On Monday 27 June, a banner advert appeared above the masthead of the Financial Times telling banks and business concerned about financial meltdown after Britain voted to leave the European Union that they would find a warm welcome in Paris. A mere four days after the Brexit poll, the vultures were circling.
In the run-up to the referendum, much was made of the financial services companies, banks and businesses fleeing London for hubs such as Paris and Frankfurt – indeed, European competitors to the British capital have been feted for some time. In 2012, KPMG moved its European headquarters and more than 2,000 jobs from London to Frankfurt. PwC warned in the run-up to the 23 June poll that 100,000 jobs were at risk in London if Britain voted Leave.
There have already been rumours that HSBC is looking at moving 1,000 staff from London to Paris should Britain leave the European single market and while Morgan Stanley, which lobbied for a Remain vote, last week denied that it had begun the process of moving 2,000 London staff to Frankfurt or Dublin, the bank has said that contingency plans were under way should Britain leave the single market.

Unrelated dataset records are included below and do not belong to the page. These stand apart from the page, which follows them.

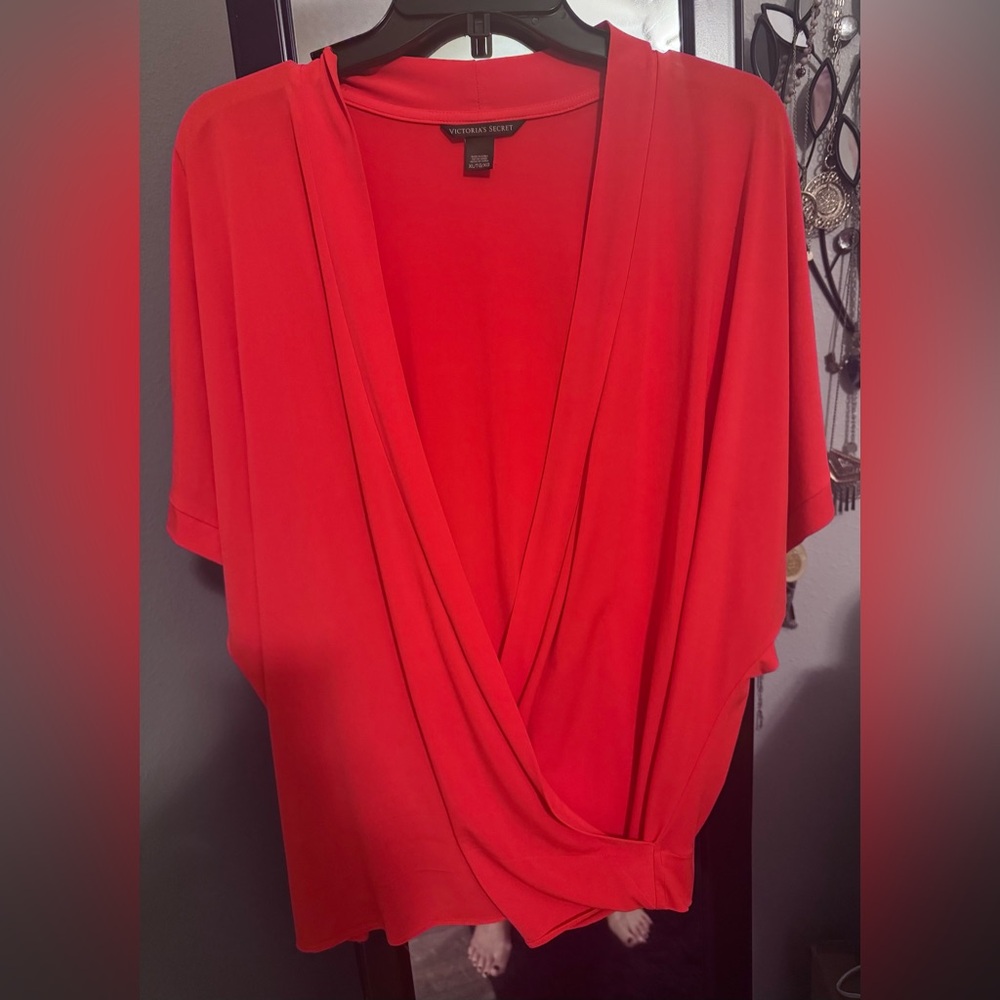 Gorgeous Vintage Victoria's Secret Bold Coral Faux Wrap Top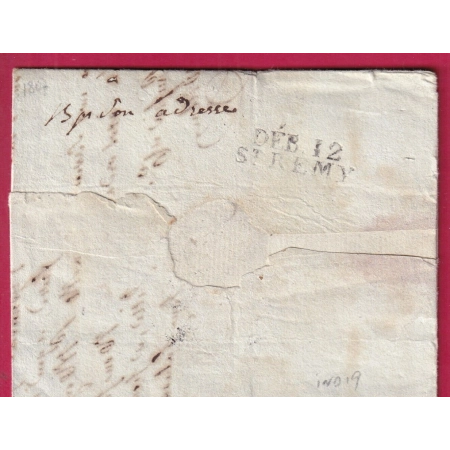 DEBOURSE DEB 12 ST REMY DE PROVENCE INDICE 19 BOUCHES DU RHONE 1807 LETTRE COVER FRANCE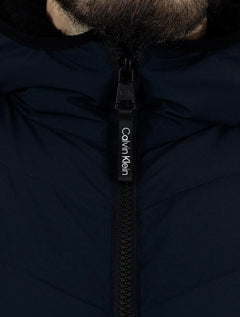 Jaqueta Calvin Klein Masculina Hoodie Matelassê Ziper Azul Marinho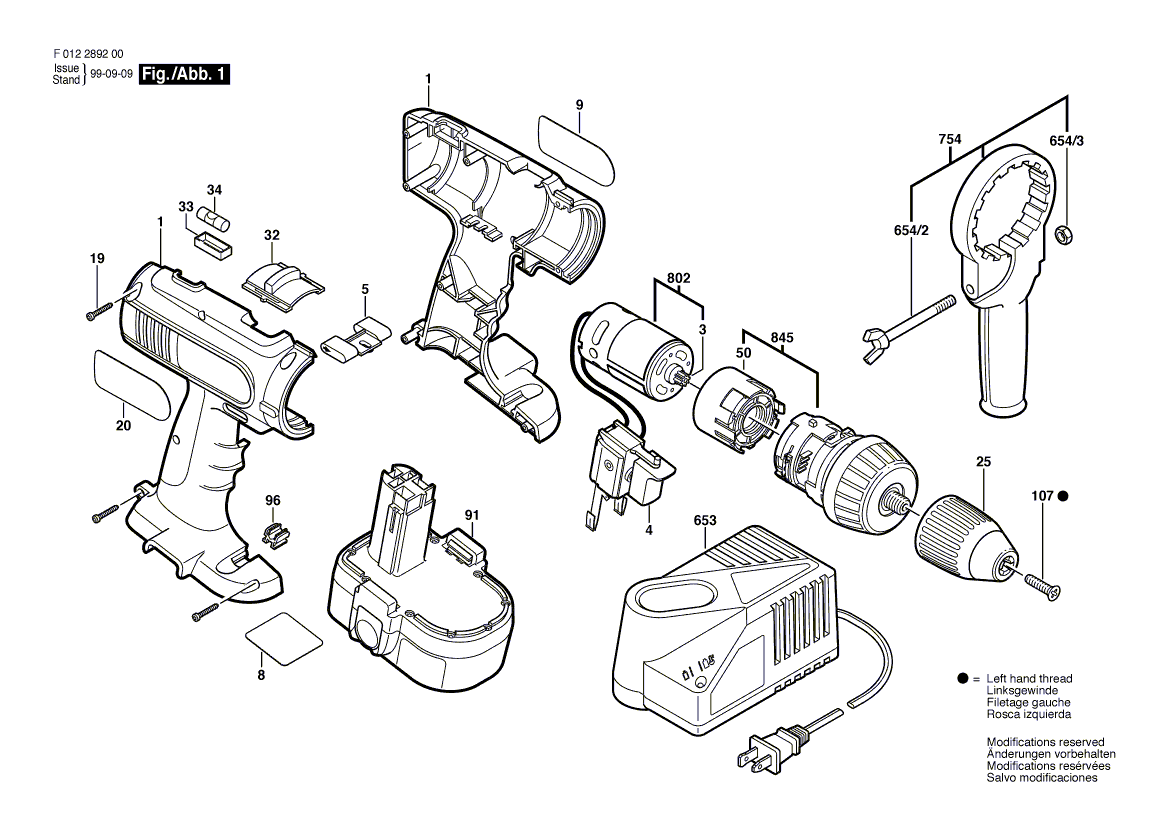 Skil 2892 f012289200 Parts - Battery-Operated Drill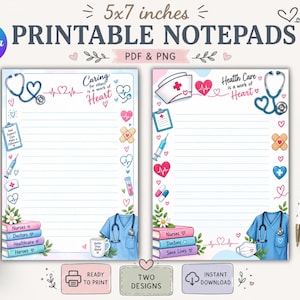 Può includere: Due design di blocchi note stampabili da 12,7x17,8 cm a tema medico. Ogni pagina include carta a righe con illustrazioni di stetoscopi, cuori, siringhe, cerotti e pile di libri etichettati come Nurses, Doctors, Healthcare e Heroes.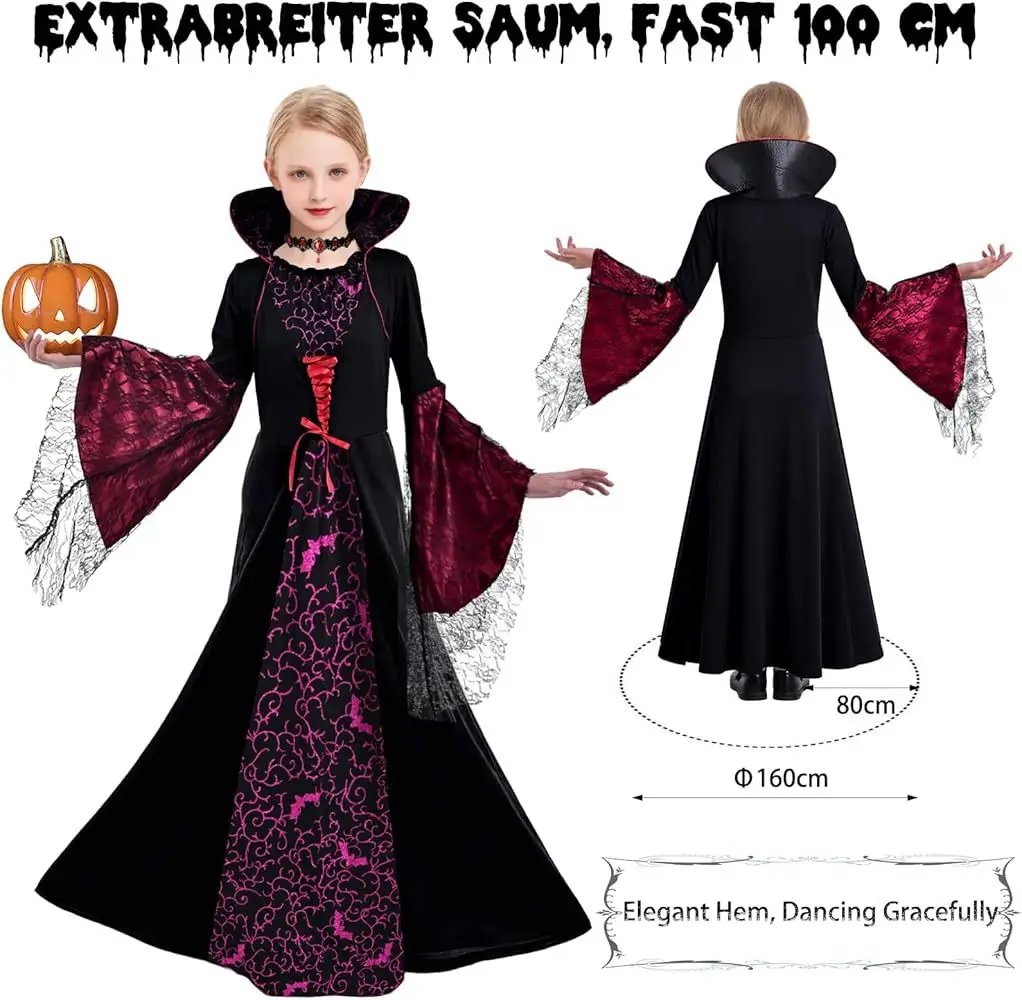 Mädchen Vampir-Königin Cosplay Langes Kleid Gotisches Kleid mit ausgestellten Ärmeln Kinder Halloween Karneval Rollenspiel Kostüm Outfit – Detail 2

Goldman Sachs broke ground last year on a £350m ($466m) headquarters in central London, but is also understood to be scouting European locations, while French bank Societe General is set to lease eight floors of a new high-rise at Canary Wharf – a deal that it told IBTimesUK was ongoing. Other major banks, including RBS and Lloyds, have declined to comment on their European strategy should Britain leave the European Economic Area (EEA).
Despite multiple emails and calls to Paris Region, the government organisation that is promoting the French capital, IBtimesUK was unable to secure comment on the benefits that will be offered to firms moving from London to Paris, but a YouTube video realised by the organisation touted the city as a tech and tourism hub that is home to 35% of French executives.
Mark Boleat, chairman of the policy and resources committee at the City of London, told IBTimesUK that the city was hoping that even with the Brexit decision, Britain would remain in the single market. He said that the banks and financial companies that he had spoken to were letting the dust settle. "I think the one thing we have learned is that every business is in a different position. Every bank is in a different position," he said.
But Boleat is confident that while other finance centres would like to swoop on business that may be looking to leave London, Paris and Frankfurt may struggle to compete even after Brexit. France's "anti-business attitude" acts as a deterrent to financial companies and banks, with strict regulations on employment and tax rates of as much as 50% on high earners.
Frankfurt [...] has already got a significant financial business but it is small.
"Their employment laws are such that it makes it a huge deterrent to employing anybody [and] their personal tax rates are excessively high. [Paris] doesn't have the pool of talent that is needed – partly because they are all in London. They could have it but [they don't] because it is so business unfriendly," he said.
As for Frankfurt, its major issue is its size. The German finance hub has a population of just under 700,000, not much more than the 560,000 people who work in the City of London and Canary Wharf alone. The city is home to the European Central Bank and is a successful transport hub that is growing every year, but like Paris and other centres such as Luxembourg and Dublin, it has a distinct skills shortage when compared to the UK.
"Frankfurt [...] has already got a significant financial business but it is small. Luxembourg is a significant financial centre, but it is a small country and Ireland is the same. This notion of upping sticks and going somewhere else, it is not a question of moving people – the jobs are moved, the people as a whole don't. You might lose some senior people," Boleat said.